La Savane des esclaves est un domaine de deux hectares adossé à un bois qui ébouriffe un terrain en pente. Il est situé aux Trois-Îlets, mais à l'écart du chapelet d'hôtels égrenés le long des anses qui criblent la baie des Flamants et à des lieues de l'agitation et du clinquant des bords de mer surpeuplés.

Les huttes de bois couvertes d'un chaume de feuilles de canne à sucre qui se dressent dans ce décor, Gilbert Larose les a bâties de ses mains. Il les a meublées d'accessoires rudimentaires: tables et chaises mal équarries, paillasses grossières, outils aratoires de fortune... Il les a voulues à l'image de celles que ses ancêtres, libérés après l'abolition de l'esclavage en 1848, ont construites en s'éparpillant dans l'île, loin des plantations qui leur rappelaient leur condition servile.

 

Dans une des huttes, quelques statues de bois de facture naïve illustrent la vie quotidienne des esclaves. «J'ai voulu expliquer ce que les esclaves sont devenus après leur libération», dit Gilbert Larose. Deux statues, qui font un peu plus d'un mètre de haut, retiennent particulièrement l'attention: celle d'un Indien caraïbe, une ethnie dont les Français ont exterminé la plupart des représentants au XVIIe siècle, et celle d'un Noir, râblé, la mine fermée sur un abîme intérieur où les dimanches n'existaient pas. Gilbert Larose pose la main sur la tête crépue. «Nous sommes un peuple qui porte l'histoire de l'esclavage dans ses gênes, explique-t-il. Un peu de Chinois, un peu de Caraïbes, un peu de Blanc et beaucoup d'Africain...»

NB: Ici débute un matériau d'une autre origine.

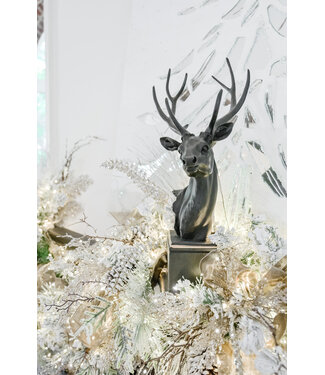 24 Inch Black with Gold Resin Deer Bust on Square Base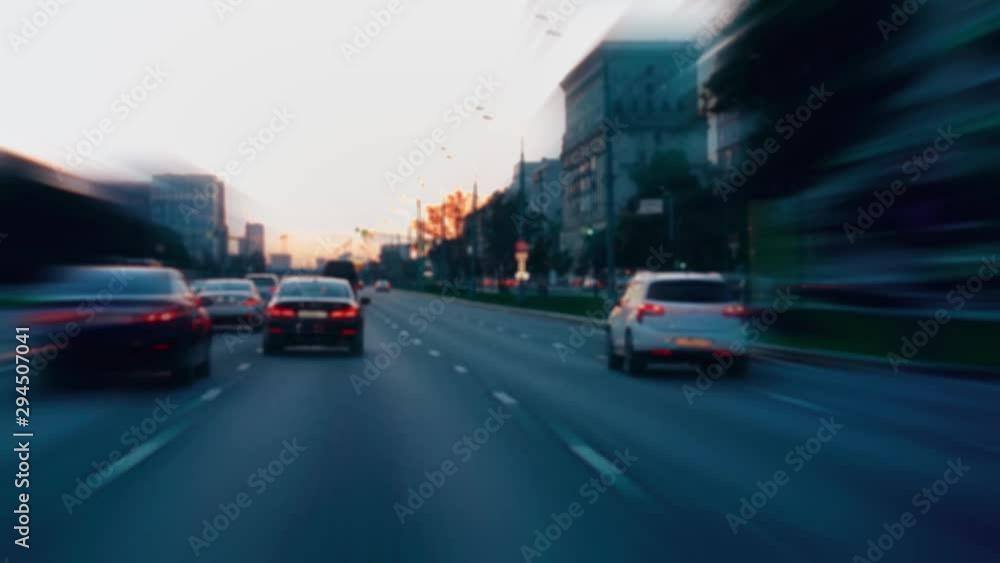 Hyperlapse view from the moving car. POV. Moscow. Day to night. Ideal for concepts such as futuristic cityscape, city life, etc. Amazing architecture. Ultra HD stock footage. Time Lapse Hyperlapse view from the moving car. POV. Moscow. Day to night. Ideal for concepts such as futuristic cityscape, city life, etc. Amazing architecture. Ultra HD stock footage. Time Lapse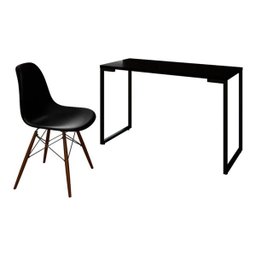 Mesa Escrivaninha Fit 120cm Preto e Cadeira Charles Preta - Mpozenato - 1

À côté des cases, Gilbert Larose a aménagé un jardin d'herbes médicinales et un potager où poussent du manioc, de l'igname, des cristophines, des patates douces... «À l'abolition, les colons ont été dédommagés par le gouvernement français, mais les esclaves, eux, n'ont rien eu, alors ils ont dû apprendre à faire avec les moyens du bord, remarque-t-il. Ils ne savaient ni lire ni écrire, mais ils connaissaient la nature.» Et il nous entraîne dans le jardin où il commente les vertus pharmacologiques de la salsepareille, de l'armoise, de la salicaire et de quelques autres plantes et racines qui y poussent.

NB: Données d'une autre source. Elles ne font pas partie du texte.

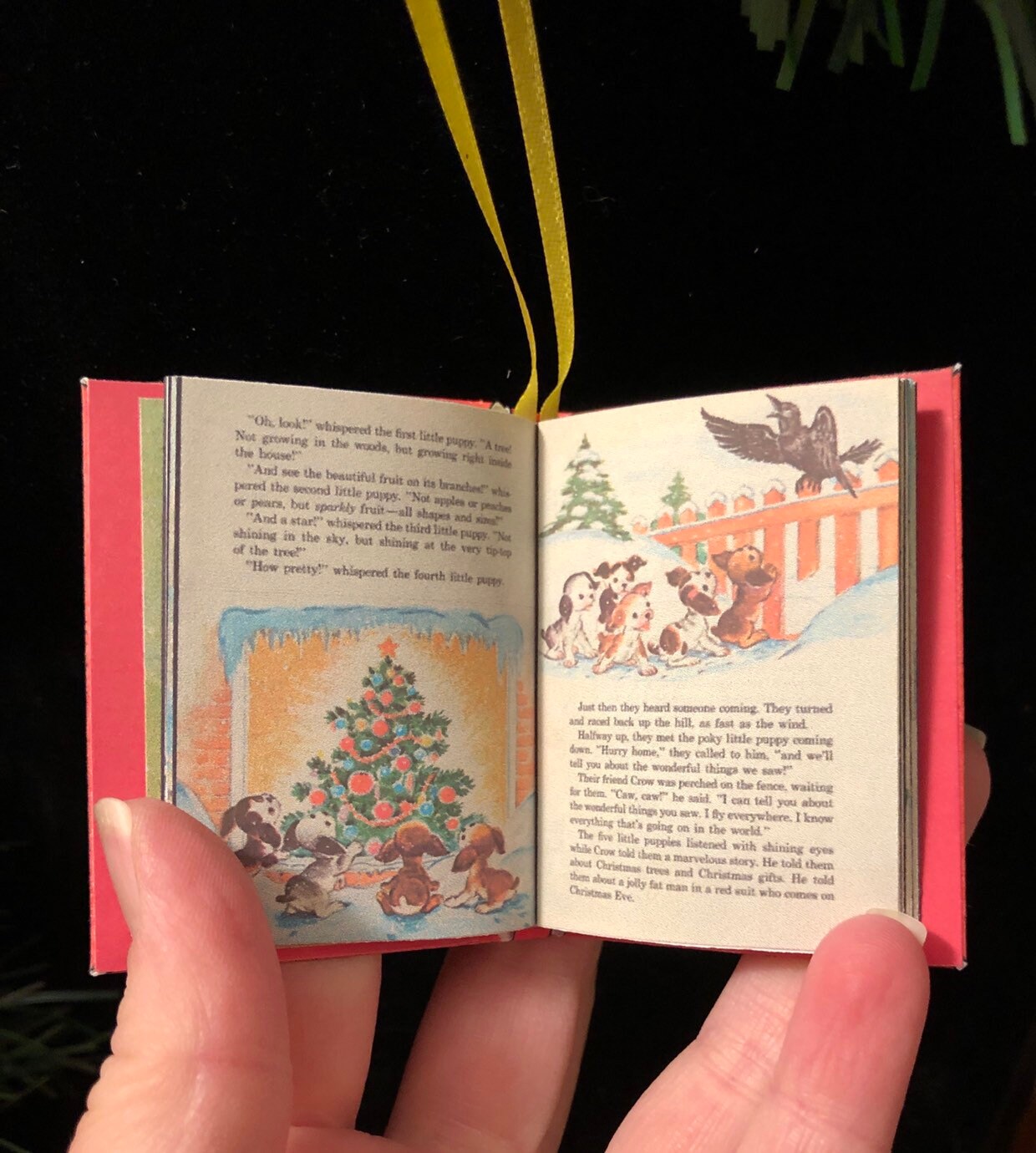 The Pokey Little Puppy's First Christmas Miniature Book Christmas Ornament - 2 Week Turn Around Time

«Aujourd'hui, on n'est plus autonomes, soupire-t-il. Nous dépendons des descendants des esclavagistes. Ils constituent 1% de la population, mais ils contrôlent 90% de l'économie.»

Bekés

Amertume? Oui. Tapie au fond des âmes, elle fait parfois irruption comme un nuage de soufre craché par un volcan qu'on croyait assoupi. Elle est dirigée contre les Békés, ces descendants des planteurs. «Béké»: personne ne connaît exactement l'origine de ce terme. L'explication la plus plausible veut qu'il s'agisse d'une contraction de «Blancs du quai»: ces planteurs qui attendaient sur le quai les «arrivages» que déchargeaient les navires des négriers. Les plus riches d'entre eux habitent de superbes demeures construites, à une demi-heure de route de Fort-de-France, sur une colline de Cap Est aux allures de Westmount tropical.

Même si les descendants des anciens esclaves, qui, eux, constituent la majorité de la population de l'île, ont tendance à exagérer l'emprise des descendants des anciens maîtres sur l'économie - ils en contrôlent moins de 20% -, il est vrai que les Békés pèsent lourd dans le paysage martiniquais.

«Quand je fais mon épicerie chez Carrefour, c'est à un Béké que va mon argent; quand j'achète une voiture, c'est un Béké qui me vend la Peugeot ou la Nissan, et mon appartement, c'est à un entrepreneur béké que je l'ai acheté», marmonne un Martiniquais, subitement ulcéré lorsqu'on évoque la question à la fin d'un dîner arrosé qui jusque-là s'était déroulé dans la bonne humeur.

«Comment des siècles d'esclavage et de déni de l'homme pourraient-ils ne pas laisser de trace?» demandait Aimé Césaire, chantre de la négritude et figure marquante de la politique antillaise pendant 50 ans.

Mais l'histoire de l'île est encore taboue. «À l'école, on n'apprend que l'histoire de France», déplore Gilbert Larose. Il s'emploie à combler les trous de la mémoire collective en accueillant des groupes scolaires et d'associations à la Savane des esclaves, que fréquentent également les touristes qui, peut-on lire sur la page d'accueil du site web, veulent «découvrir la Martinique autrement que par les plages et la mer».